--- Extracted material ---
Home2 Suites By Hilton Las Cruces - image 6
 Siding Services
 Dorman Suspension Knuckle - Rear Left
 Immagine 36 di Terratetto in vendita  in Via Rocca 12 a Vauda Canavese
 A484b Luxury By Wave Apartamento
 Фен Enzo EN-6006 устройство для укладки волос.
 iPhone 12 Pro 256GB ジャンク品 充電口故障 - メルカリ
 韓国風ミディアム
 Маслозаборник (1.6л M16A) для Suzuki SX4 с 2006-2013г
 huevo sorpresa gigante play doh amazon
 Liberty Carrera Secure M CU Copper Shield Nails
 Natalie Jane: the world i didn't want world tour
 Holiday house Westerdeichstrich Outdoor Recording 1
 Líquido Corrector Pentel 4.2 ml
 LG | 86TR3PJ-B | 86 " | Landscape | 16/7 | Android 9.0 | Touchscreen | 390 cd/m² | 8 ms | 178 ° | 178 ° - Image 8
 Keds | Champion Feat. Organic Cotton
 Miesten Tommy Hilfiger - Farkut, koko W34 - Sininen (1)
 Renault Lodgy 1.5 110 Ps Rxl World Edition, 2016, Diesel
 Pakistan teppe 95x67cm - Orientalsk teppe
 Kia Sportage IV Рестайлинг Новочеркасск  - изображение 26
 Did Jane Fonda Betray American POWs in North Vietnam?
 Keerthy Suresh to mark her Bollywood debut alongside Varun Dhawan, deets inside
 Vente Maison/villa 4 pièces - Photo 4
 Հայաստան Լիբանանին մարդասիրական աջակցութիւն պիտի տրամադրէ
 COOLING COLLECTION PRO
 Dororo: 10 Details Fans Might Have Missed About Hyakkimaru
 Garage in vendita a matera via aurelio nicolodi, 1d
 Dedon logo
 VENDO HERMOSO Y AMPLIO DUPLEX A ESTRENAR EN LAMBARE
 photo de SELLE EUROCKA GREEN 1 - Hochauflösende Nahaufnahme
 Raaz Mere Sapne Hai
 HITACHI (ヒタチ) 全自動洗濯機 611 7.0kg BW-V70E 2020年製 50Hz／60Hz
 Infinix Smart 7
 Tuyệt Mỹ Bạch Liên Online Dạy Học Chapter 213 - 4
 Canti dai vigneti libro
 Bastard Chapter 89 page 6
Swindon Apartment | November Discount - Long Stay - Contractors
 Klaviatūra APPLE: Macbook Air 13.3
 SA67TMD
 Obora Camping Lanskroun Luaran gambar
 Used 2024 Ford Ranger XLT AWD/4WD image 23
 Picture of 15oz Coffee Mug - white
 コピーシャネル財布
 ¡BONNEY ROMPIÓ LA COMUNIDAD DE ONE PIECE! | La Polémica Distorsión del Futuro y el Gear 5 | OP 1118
---
» **Assignment**: Reading through the records above, report each line in which the string "Jane" is found.

» **Result of the exercise**:
 Natalie Jane: the world i didn't want world tour
 Did Jane Fonda Betray American POWs in North Vietnam?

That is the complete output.